Des résidents expulsés de logements où ils vivaient depuis des années. Des immeubles repris et rénovés sous de faux prétextes pour en tirer davantage de revenus. La multiplication des tours de condominiums, souvent au mépris de la beauté du paysage ou de l’aménagement urbain. La cinéaste Carole Laganière livre une charge documentaire contre la gentrification montréalaise dans Quartiers sous tension.
La gentrification est effectivement un problème à Montréal, et ce depuis de nombreuses années. Si l’on peut dire que le Plateau-Mont-Royal est déjà passé du côté des spéculateurs immobiliers et des appartements et des maisons hors de prix, le phénomène a déjà commencé à s’étendre aux quartiers voisins; Rosemont, d’abord, mais aussi Hochelaga-Maisonneuve, où le choc semble être le plus rude entre nouveaux riches, familles ayant récemment accédé à la propriété et gens aux moyens plus modestes depuis longtemps établis dans le quartier.
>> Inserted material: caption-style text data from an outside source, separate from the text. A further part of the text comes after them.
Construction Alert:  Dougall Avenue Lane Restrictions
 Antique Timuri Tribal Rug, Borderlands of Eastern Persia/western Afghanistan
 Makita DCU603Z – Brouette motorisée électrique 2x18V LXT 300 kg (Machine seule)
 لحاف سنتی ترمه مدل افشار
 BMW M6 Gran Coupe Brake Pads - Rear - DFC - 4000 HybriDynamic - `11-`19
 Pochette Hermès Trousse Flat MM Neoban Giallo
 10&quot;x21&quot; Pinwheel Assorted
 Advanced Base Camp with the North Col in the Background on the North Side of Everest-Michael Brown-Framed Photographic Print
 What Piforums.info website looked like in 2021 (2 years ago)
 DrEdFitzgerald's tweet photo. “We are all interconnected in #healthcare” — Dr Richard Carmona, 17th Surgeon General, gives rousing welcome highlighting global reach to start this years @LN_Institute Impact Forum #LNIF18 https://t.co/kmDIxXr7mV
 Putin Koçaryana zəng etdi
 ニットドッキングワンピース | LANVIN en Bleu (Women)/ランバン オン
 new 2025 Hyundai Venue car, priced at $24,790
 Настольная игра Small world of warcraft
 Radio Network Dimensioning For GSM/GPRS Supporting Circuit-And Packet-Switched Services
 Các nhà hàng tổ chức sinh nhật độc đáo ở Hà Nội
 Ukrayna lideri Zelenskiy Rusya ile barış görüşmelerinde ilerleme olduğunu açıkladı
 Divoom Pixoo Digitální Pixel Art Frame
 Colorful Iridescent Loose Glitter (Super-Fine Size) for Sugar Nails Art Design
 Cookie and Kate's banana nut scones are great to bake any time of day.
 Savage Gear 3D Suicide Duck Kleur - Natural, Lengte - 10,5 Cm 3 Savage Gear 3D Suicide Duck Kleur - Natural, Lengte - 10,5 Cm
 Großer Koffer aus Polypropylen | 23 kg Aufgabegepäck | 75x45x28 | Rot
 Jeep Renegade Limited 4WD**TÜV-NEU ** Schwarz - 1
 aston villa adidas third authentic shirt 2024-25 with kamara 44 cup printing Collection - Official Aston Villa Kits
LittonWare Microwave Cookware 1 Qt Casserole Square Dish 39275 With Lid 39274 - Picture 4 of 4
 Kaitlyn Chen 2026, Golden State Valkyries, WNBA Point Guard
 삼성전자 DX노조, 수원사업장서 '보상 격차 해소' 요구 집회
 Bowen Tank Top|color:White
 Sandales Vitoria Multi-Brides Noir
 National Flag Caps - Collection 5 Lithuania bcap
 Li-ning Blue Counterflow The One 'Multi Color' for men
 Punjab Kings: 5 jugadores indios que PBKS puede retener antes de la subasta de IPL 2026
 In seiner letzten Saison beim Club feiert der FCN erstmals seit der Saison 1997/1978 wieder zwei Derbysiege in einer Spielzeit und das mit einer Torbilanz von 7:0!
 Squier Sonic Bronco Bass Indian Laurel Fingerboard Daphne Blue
Est-ce une représentation de l’accroissement du fossé entre riches et pauvres, ou plutôt une transformation normale du tissu urbain, alors que le Montréalais moyen est plus éduqué, et donc possiblement plus en moyens, et moins désireux de s’exiler en banlieue pour y élever sa famille?
D’une durée d’à peine une cinquantaine de minutes, Quartiers sous tension y va parfois un peu rondement pour tenter d’expliquer le phénomène. Oui, les propriétaires véreux expulsant des locataires pour de mauvaises raisons devraient être mieux encadrés. Oui, la Régie du logement devrait se ranger davantage du côté des locataires, histoire de faire respecter les droits de ces derniers et ainsi éviter les hausses de loyers qui contribuent à l’exode des gens aux moyens plus modestes sur le pourtour des quartiers centraux, souvent loin des services de proximité et du transport en commun – et contribuant du même coup à l’embourgeoisement du centre.
Mais la question de la gentrification, c’est également celle de la renaissance de certains quartiers. Doit-on figer des quartiers pauvres à une époque précise et ainsi prolonger la lente décrépitude du patrimoine bâti, ou encore maintenir les gens dans la misère en ne favorisant pas l’émergence de commerces locaux offrant par exemple davantage de produits frais et meilleurs pour la santé? Le film passe très rapidement, d’ailleurs, sur ces vandales qui, sous prétexte de combattre la gentrification, s’en prennent à des commerçants locaux qui embauchent dans leur quartier. À quand remonte le dernier jet de peinture contre un McDonald? Ou le bris des vitrines du Starbucks du coin?
Mme Laganière ne s’attarde pas non plus à la question du financement municipal. Après tout, une grande partie des entrées d’argent de Montréal, par exemple, est associée aux taxes foncières. Et donc, qui dit condos neufs faisant augmenter la valeur des immeubles et des terrains aux alentours, dit hausse de taxes foncières et revenus supplémentaires dans les coffres de l’administration. Faut-il réformer la façon dont le gouvernement du Québec répartit les budgets municipaux?
Pauvreté, offre commerciale limitée, éducation, structure fiscale, valeur du patrimoine bâti, contrôle des loyers, spéculation immobilière, densification des quartiers centraux, construction en fonction des réseaux de transport collectif, ou même encore travail à domicile et diversification des structures économiques… tout cela se télescope dans le maelström de la gentrification.
Quartiers sous tension aurait eu besoin de trois ou quatre heures de pellicule pour approfondir toutes ces questions. Le résultat final s’avère donc décevant, le produit de Mme Laganière tenant davantage du brûlot que d’une invitation à débattre et à réfléchir.
Quartiers sous tension sera présenté samedi sur les ondes d’ICI Radio-Canada Télé.